**Exercise description**
The expected result is an exact restatement of the data, free of pictures.

**Recorded data**
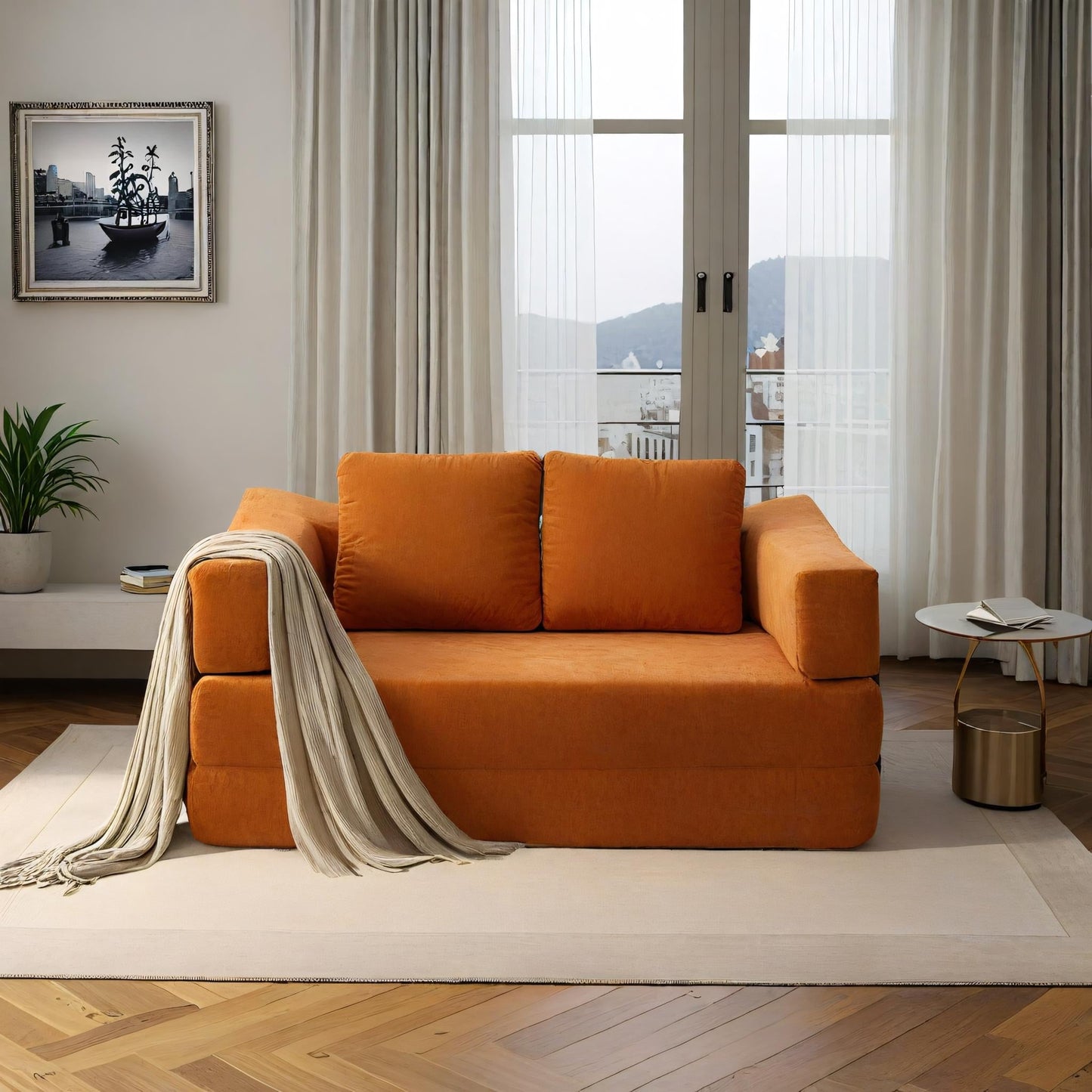 70.87 Upholstered Convertible Sleeper Sofa, Convertible Chair Floor Couch Comfy Sofa for Living Room, Bedroom, Chenille Fabric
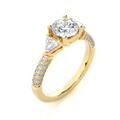 Women's Lab Grown Ring Brilliant Cut Diamond Engagement Ring 0.99 Diamond Weight 14K Gold Plated IGI Certified India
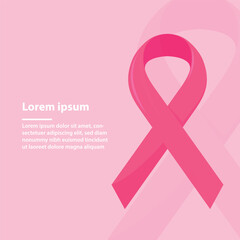 Pink Ribbon Awareness Symbol Breast Cancer Awareness Vector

**Written response**
 70.87 Upholstered Convertible Sleeper Sofa, Convertible Chair Floor Couch Comfy Sofa for Living Room, Bedroom, Chenille Fabric
 Women's Lab Grown Ring Brilliant Cut Diamond Engagement Ring 0.99 Diamond Weight 14K Gold Plated IGI Certified India
 Pink Ribbon Awareness Symbol Breast Cancer Awareness Vector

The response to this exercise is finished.